Professor Christopher R. Bowen

ERC Advanced Investigator
Chris Bowen is a Professor in Materials Science and Engineering in the Department of Mechanical Engineering at the University of Bath.
Professor Bowen's research areas include functional materials such as ferroelectrics and piezoelectric composites. This research is aimed at development of:
  • Sensor and actuator materials
  • Multifunctional ceramics and composites
  • Structural and functional ceramics
  • Nanoporous and nanostructured materials
  • Dielectric properties of materials
  • Embedded actuators and sensors.

Email address: C.R.Bowen(at)
Twitter: @BowenNEMESIS


Dr Mengying Xie

Pyroelectric water splitting and metamaterials for energy harvesting
Mengying received the B.S. degree in Applied Physics from Tianjin University, China, in 2010 and her PhD degree in Mechatronics Engineering from the University of Auckland, New Zealand, in 2015. In Jan 2016 she joined NEMESIS project. Her PhD work exploited the unique properties of PDMS into various wearable applications such as flexible electronic memory device, energy harvester from human motion and flexible force sensors.

Email address: M.Xie(at)


Dr Vaia Adamaki

Developing ceramic electrodes for water splitting
Vaia holds a diploma in Applied Physics and a MSc in Material Science and Technology. Having completed her PhD in 2014 in University of Bath, she started working for the NEMESIS project since the beginning of 2015. Her PhD work was on Ti-suboxides for sensing and energy applications and now she focuses on finding efficient electrodes for water splitting.

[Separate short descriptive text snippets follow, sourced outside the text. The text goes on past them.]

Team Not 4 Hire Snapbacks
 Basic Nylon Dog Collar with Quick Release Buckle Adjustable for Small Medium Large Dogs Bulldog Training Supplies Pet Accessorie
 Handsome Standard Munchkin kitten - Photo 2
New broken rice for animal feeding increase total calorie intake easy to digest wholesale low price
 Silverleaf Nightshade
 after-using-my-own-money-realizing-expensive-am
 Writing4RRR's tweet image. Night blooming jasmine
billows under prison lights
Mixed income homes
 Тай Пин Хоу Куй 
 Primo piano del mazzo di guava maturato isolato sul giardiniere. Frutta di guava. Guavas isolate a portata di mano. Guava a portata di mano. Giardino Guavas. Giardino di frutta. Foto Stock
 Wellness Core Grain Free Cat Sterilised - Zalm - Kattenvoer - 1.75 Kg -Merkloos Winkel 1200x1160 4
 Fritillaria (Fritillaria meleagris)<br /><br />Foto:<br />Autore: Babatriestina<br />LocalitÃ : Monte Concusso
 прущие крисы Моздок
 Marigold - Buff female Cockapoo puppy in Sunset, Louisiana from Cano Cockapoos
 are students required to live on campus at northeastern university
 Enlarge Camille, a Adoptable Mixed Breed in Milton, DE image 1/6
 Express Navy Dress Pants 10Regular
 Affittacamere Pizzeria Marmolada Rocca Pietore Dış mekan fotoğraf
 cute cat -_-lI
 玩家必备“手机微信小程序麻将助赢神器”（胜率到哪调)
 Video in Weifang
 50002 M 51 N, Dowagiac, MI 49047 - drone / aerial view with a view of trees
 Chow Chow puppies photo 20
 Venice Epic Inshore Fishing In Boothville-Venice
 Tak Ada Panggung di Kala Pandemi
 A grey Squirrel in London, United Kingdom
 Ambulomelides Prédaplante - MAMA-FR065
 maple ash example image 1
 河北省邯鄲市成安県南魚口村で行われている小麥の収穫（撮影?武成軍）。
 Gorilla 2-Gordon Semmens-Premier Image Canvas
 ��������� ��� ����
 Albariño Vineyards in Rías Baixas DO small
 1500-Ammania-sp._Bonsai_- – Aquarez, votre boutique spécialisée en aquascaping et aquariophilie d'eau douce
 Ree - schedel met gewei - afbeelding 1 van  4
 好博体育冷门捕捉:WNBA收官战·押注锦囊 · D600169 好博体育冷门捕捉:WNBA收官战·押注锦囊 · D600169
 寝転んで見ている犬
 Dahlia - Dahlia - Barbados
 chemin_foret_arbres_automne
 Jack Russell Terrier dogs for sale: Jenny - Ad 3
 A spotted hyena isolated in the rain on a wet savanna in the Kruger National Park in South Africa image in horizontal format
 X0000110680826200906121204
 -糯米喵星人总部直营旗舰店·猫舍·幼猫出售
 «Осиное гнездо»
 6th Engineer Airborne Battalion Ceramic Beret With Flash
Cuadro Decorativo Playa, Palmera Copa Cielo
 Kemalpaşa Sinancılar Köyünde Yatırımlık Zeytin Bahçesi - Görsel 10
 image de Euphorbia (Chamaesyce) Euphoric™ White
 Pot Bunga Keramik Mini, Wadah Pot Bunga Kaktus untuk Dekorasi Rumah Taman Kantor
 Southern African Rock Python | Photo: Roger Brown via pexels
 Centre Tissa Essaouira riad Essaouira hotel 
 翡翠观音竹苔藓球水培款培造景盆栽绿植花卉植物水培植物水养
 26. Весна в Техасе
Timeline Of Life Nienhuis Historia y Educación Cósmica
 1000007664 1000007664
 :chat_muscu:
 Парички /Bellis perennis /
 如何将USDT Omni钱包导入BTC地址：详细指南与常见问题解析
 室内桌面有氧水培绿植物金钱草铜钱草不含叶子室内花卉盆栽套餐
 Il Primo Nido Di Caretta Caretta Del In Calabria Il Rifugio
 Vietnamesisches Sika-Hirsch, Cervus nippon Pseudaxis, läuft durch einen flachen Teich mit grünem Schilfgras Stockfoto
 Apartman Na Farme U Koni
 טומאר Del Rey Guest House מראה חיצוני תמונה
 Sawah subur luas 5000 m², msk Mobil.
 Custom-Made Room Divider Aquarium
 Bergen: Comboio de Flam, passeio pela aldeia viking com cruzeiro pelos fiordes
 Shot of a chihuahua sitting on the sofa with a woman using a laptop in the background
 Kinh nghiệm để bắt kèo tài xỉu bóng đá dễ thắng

Email address: V.Adamaki(at)


Mr Andrew Avent

Thermoacoustic devices
Andrew came to academia following a successful career as a pattern-maker, boat-builder and marine engineer. Having attained his masters in mechanical engineering at the University of Plymouth he joined Prof. Chris' Bowen NEMESIS project in October 2014. Passionate about thermoacoustics and its potential across arrange of fields, he is currently building a test rig to characterize the behavior of the principle components in a range of operating conditions and is looking to pin down principle performance parameters; validating his numerical models.

Email address: A.Avent(at)


Mr James I. Roscow

Porous ferroelectric materials for energy harvesting
James Roscow is a postgraduate research student in the Department of Mechanical Engineering at the University of Bath, working within the Novel Energy Materials: Engineering Science and Integrated Systems (NEMESIS) group, led by Professor Chris Bowen. James grew up a few miles from Bristol before undertaking a B.Sc. in Materials Science and Engineering at the University of Manchester, graduating in 2013. After finishing in Manchester, James moved back to Bristol and worked as a technician in a mechanical testing lab for a year before beginning his Ph.D. in September 2014.

Email address: J.I.Roscow(at)


Mr Marcin Krasny

Thick film technologies for energy harvesting
Marcin Krasny has received the M.Sc.Eng. degree in Electronics and Communication with specialisation in Microsystems from Wroclaw University of Technology, Poland, in 2012. His interest and experience include the topic of electronics for various applications, like sensor's signal gathering, conditioning and RF data transmitting especially for sensitive bio-signals. Project being realised within his master thesis concerned development of a system for wireless electroencephalography (EEG) signal acquisition with a possibility of gathering signals from up to 20 EEG sets simultaneously. Such a system can be very beneficial for large groups brain response to external stimuli analysis for psychology or marketing purposes. After graduation he has worked for electronic company in Berlin, main focus of which was design and development of electric motors' drivers being used in industry. Marcin joined NEMESIS in August 2015 and currently is a doctoral candidate in the field of piezoelectric energy harvesting. The main focus of his research is on the Thick Film Technology which allows for producing integrated electronic systems with elements readily printed on them and their employment for gathering the power from environmental vibration sources.